Trecentodiciotto emendamenti in commissione, ma soprattutto l’ostruzionismo in aula del Movimento 5 Stelle contro il decreto Imu-Bankitalia. Sono gli ostacoli alla corsa dell’Italicum, la riforma elettorale annunciata come irresistibile dopo l’accordo a tre Renzi-Alfano-Berlusconi ma che parte a rilento. E che pure dovrebbe, secondo i piani, concludere il suo percorso a Montecitorio, commissione e aula, entro venerdì. Renzi è costretto a riunioni supplementari a Roma. Incontra Verdini, plenipotenziario di Berlusconi, poi Alfano. Minaccia sfaceli, crisi di governo se non si fa la «sua» legge – un po’ l’atteggiamento che aveva criticato in Letta. Però 36 emendamenti sono del suo partito e il segretario del Pd è costretto a trattare. Aveva annunciato che non ci sarebbero state modifiche al suo Italicum. Ma le modifiche sono pronte.

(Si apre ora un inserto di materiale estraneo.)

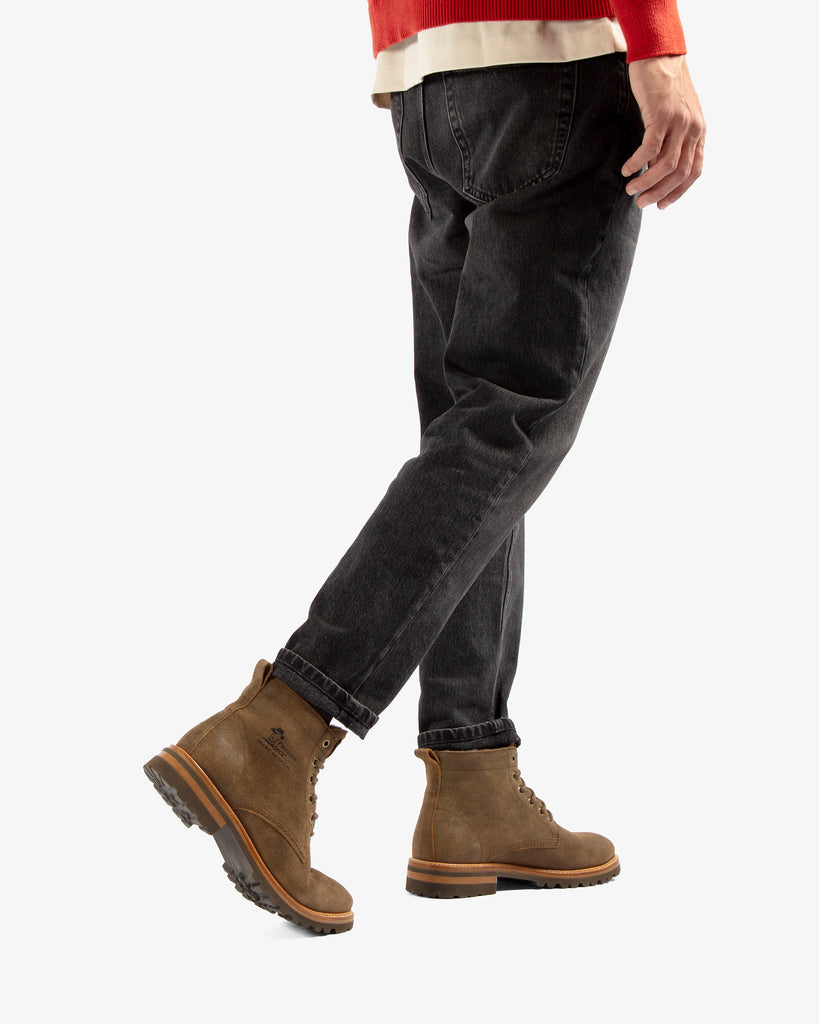 Emery Igloo botines de piel con forro interior de pelo natural. marron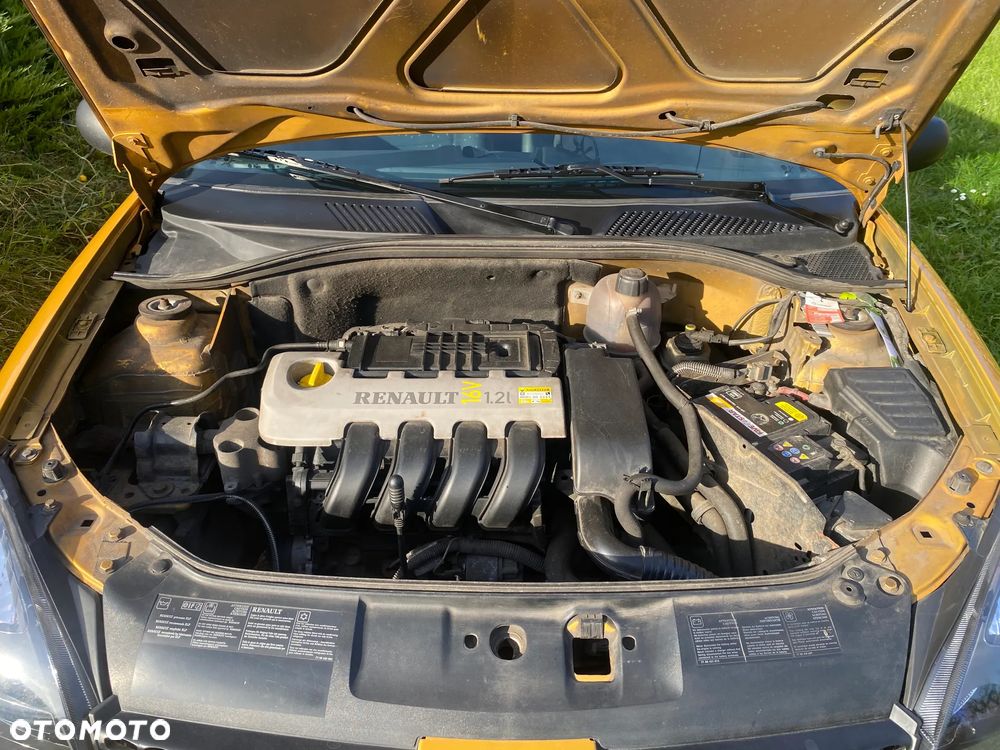 Renault Clio 1.2 16V Authentique - 8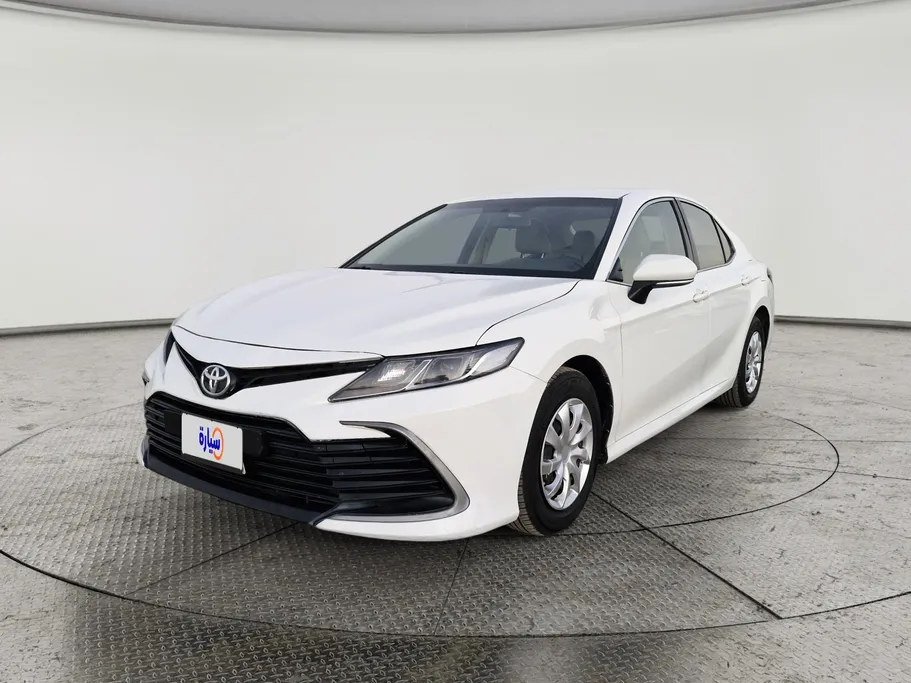تويوتا كامري LE 2023 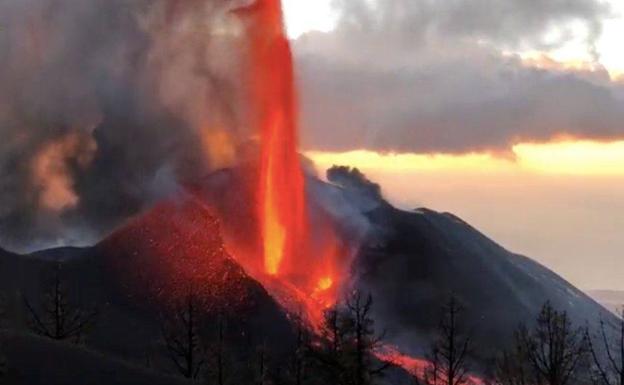 El terreno se eleva 6 centímetros en las proximidades del volcán de La Palma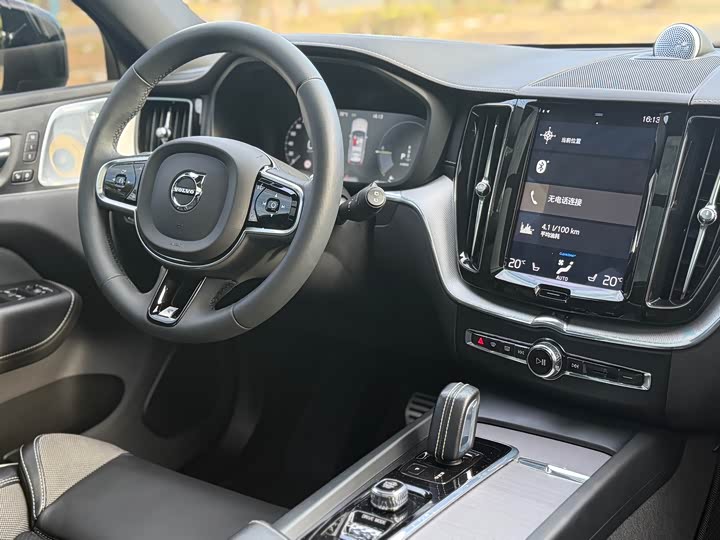 Volvo XC60 Hybrid 2020 T 8 E Hybrid — фото 20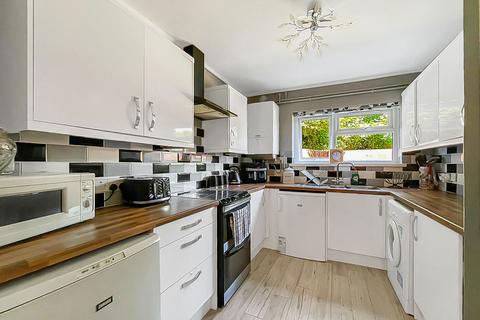 1 Bazeley Road, Matson, Gloucester, GL4 6JB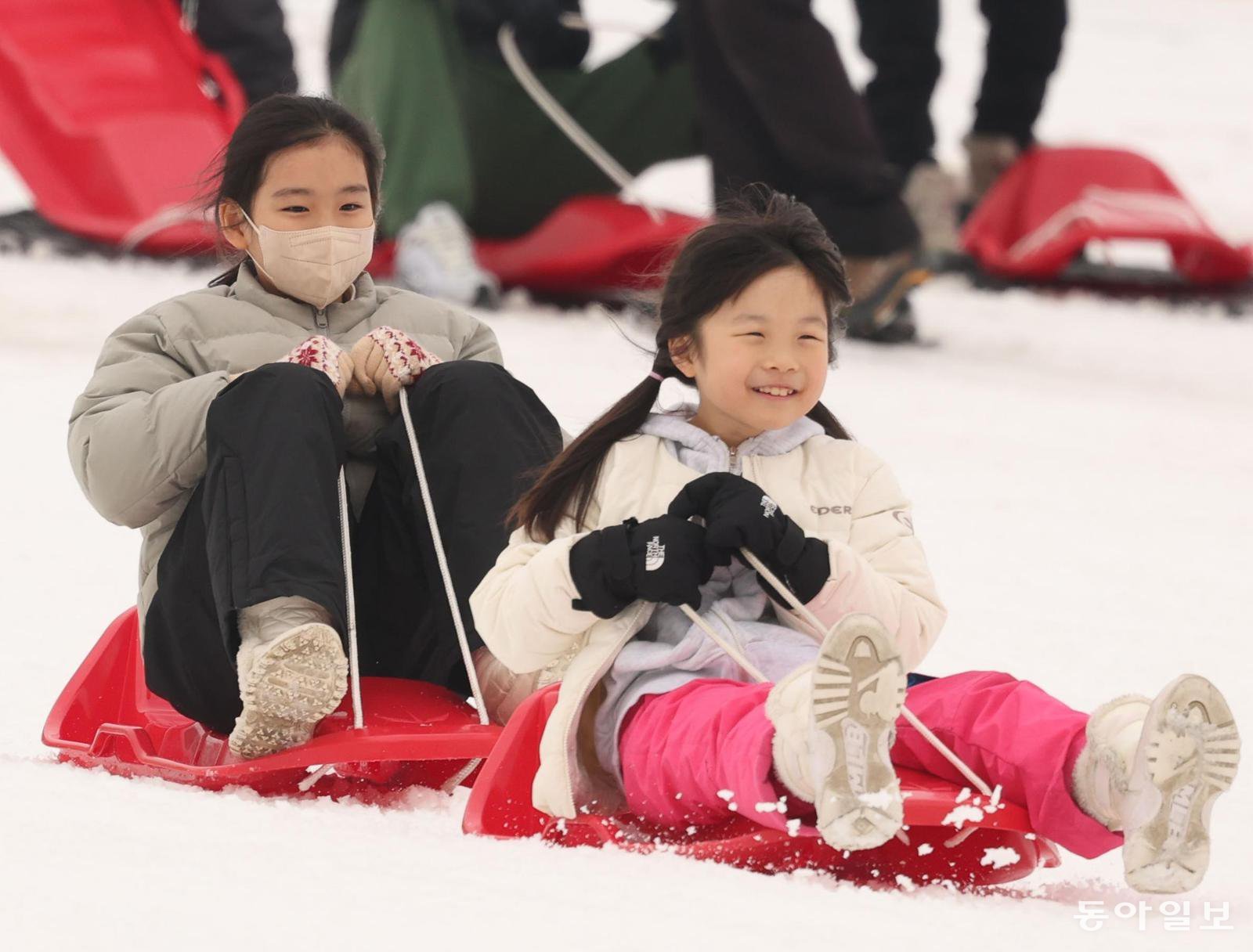 “씽씽 달려라” 눈썰매 즐기는 동심
28일 오후 경기 과천시 서울랜드 눈썰매장을 찾은 어린이들이 눈썰매를 즐기고 있다. 29일에는 강추위가 한풀 꺾이겠지만 강원 산지에는 최대 8cm, 경기 북동부에는 1cm 안팎의 눈이 내릴 것으로 전망됐다. 과천=신원건 기자 laputa@donga.com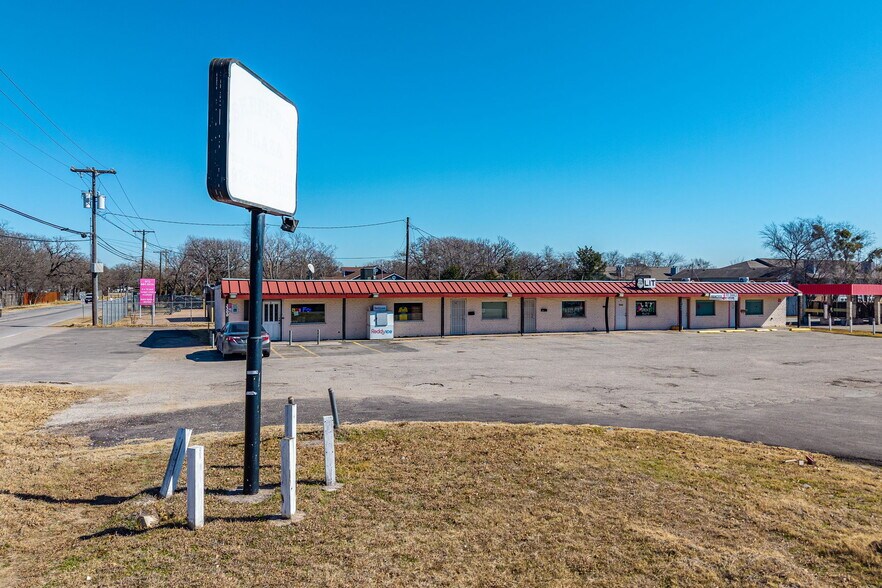 More Photos Of 3300 Shepherd Ln, Balch Springs Freestanding For Sale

La prima, forse l’unica sulla quale c’è un accordo sufficientemente diffuso, è l’innalzamento dal 35% al 38% della quota raggiunta la quale le coalizioni hanno diritto al premio di «maggioranza» (meglio: di prima minoranza). Non ha caso è l’unico spiraglio ufficialmente aperto da Renzi nella sua intervista di ieri al Messaggero. Tutto il resto è ancora in discussione. Perché seppure Forza Italia potrebbe essere costretta ad accettare l’abbassamento delle soglie di sbarramento – quelle che nel progetto di legge originario tengono fuori i partiti non coalizzati che non raggiungono l’8% e quelli coalizzati che non arrivano al 5% – scendendo rispettivamente al 6% e al 4%, non può assolutamente dire di sì a entrambe le modifiche contestualmente. La ragione è semplice: Berlusconi è convinto di non avere nessuna speranza di vittoria al secondo turno, quando secondo le previsioni che condivide con Renzi saranno decisivi gli elettori di Grillo. Il Cavaliere ha messo la sua firma in calce all’Italicum solo perché si è convinto che può giocarsela al primo turno. Gli serve per questo una soglia bassa: il 35% è quella che, secondo i soliti sondaggi, non rimane troppo fuori portata. Di più sarebbe un rischio, un rischio inaccettabile se venisse meno a Forza Italia l’arma di ricatto verso il Nuovo centrodestra e magari verso altri centristi. Solo con soglie di sbarramento fuori dalla portata di Alfano e Casini Berlusconi può immaginare un ritorno, se non propriamente a casa almeno in coalizione.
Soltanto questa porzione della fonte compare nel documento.